The Dragons, obviously, Danaerys Targaryen and Mad Mel, clearly come within the heading of Fire, but thus far we haven’t seen much of the Ice and waving the R+L=J/AA banner makes this imbalance worse by trying to stuff Jon Snow on to the side of Fire.
And its that Fire which raises concern. At first we were told how Azor Ahai would save the day when the Ice came, but them GRRM started dropping some hints that a victory by fire might not be  as warm and cuddly as it first appeared.
Now we hear, thanks to the Mummers Mk.II of the Pact of Ice and Fire, and there it gets interesting. We still don't know what its about, or was intended to be about because seemingly it never happened, but...
A pact is an agreement, a binding agreement and seemingly one between equals, which immediately raises questions and requires dialling back in history on both sides of the proposed pact.
On the one hand we have the Targaryens. They are Valyrians and Dragonlords, but perhaps not actually all that they seem. Back in the day and seemingly influenced by prophecy they moved out of Valyria proper and settled in Dragonstone on the very edge of the empire. Thus they escaped the Doom, which is obviously good. They even hung on to some dragons but then something strange happened. A war or series of wars breaks out in Essos as the local population rises up against the rump Valyrian colonial administration.
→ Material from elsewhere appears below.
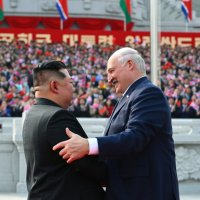 Kim Jong Un svečano ugostio Lukašenka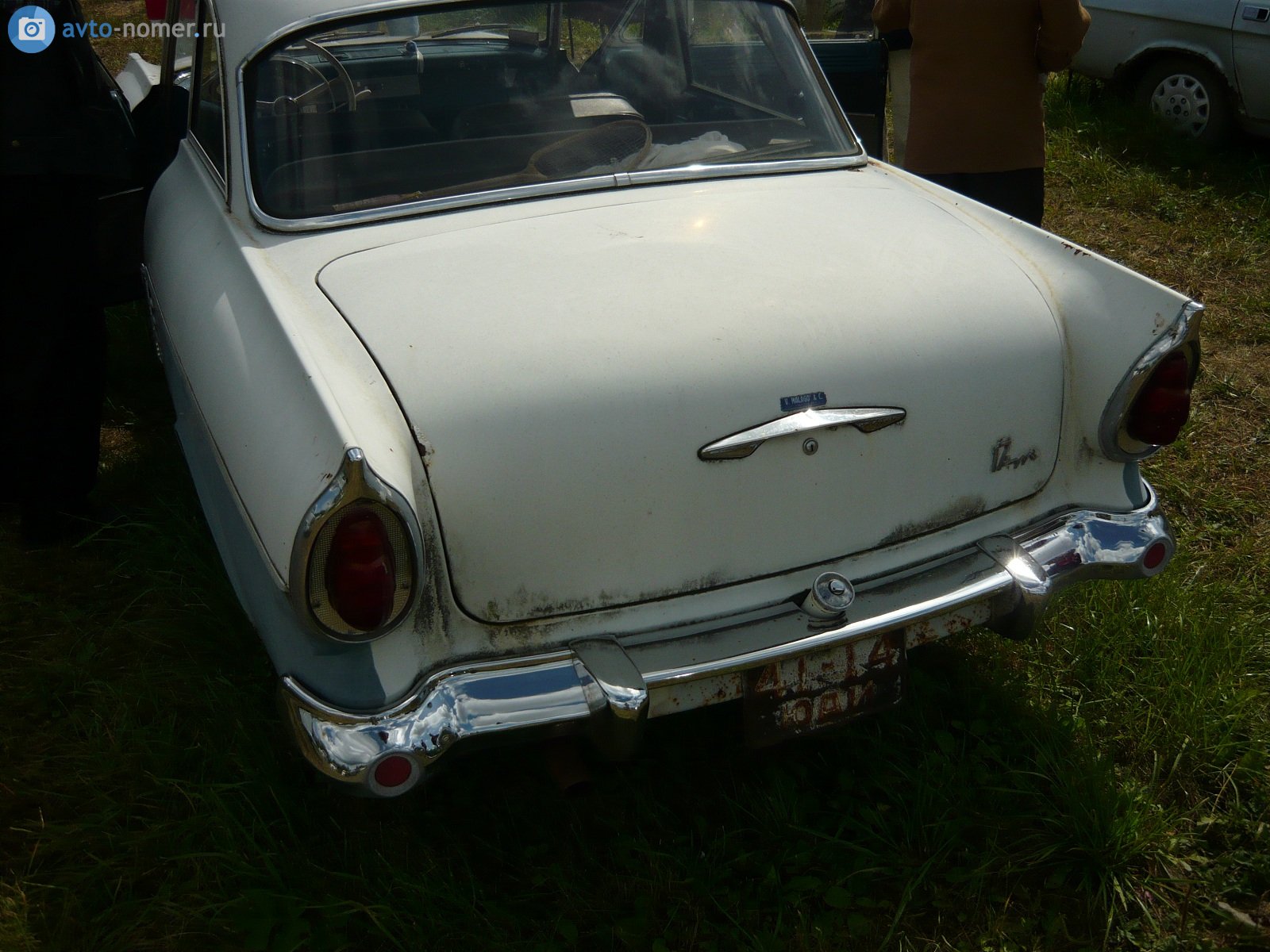 4114 ЮАИ, Ford Taunus 2nd gen 17M 2-door Sedan (P2), 1957–1960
Not at all unexpected, but Aegon Targaryen joins the rebels and pitches in against the Valyrians.
Then he turns his back on Essos as well and goes and conquers Westeros - sort of
Or rather, using his dragons he starts conquering the seven kingdoms by frying any opposition until he gets to the southern border of the North.
History, for what its worth, says that the Stark king surrendered or submitted. Aegon tuned back south and the Stark remained - although he may no longer have called himself the King of Winter.
Why ?
If we are looking for a pact of Ice and Fire then there may be something of an equality here between the Stark Kings of Winter and the Targaryen Dragonlords
But then there's more. There’s also that mysterious warning that the Targaryen mastery over the dragons was an illusion. We may also discover over time that it was some of the Targaryens themselves, not some mysterious maesters, who killed off the dragons first time around. What if that too was a part of the Pact of Ice and Fire which both families have forgotten.
Of course if it is, it throws an interesting - and dangerous - light on Danaerys Targaryen hatching three healthy dragons and so perhaps breaking the Pact
 

Link to comment
Share on other sites

Might be a weird thought but can we have a "history is written by victors" situation at our hands when it comes to House Stark? When you look at Aegon I and how different realms reacted to his conquest, you have the Reach, the Stormlands and the Riverlands losing their ruling houses and getting replaced by those who either supported Aegon or were willing to support him, then you have Lann the Clever's house using their wit to remain alive, while Hightower depended on their religious status, and Dorne fought against the dragons even when the odds weren't on their side. Then you have the Starks, two brothers or half brothers Brandon and Torrhen, one is willing to fight against the enemy and has the means to do it (weirwood arrows) and the other kneels to the enemy, and lost his kingship - or did we have a King Brandon who was deposed by another Stark who knelt to be a Lord? (I might be 100% wrong but hey I missed heresy threads) 

Link to comment
Share on other sites

I remain firmly convinced that Jon is the natural child of Rhaegar Targaryen and Lyanna Stark.  All the available evidence points in that direction.  GRRM scattered the pieces of the puzzle to make it difficult to figure out, but once figured out, or told, it becomes almost painfully obvious.  I am agnostic, however, on what effect this parentage will ultimately have, both with the fight against the Others and the political stuff.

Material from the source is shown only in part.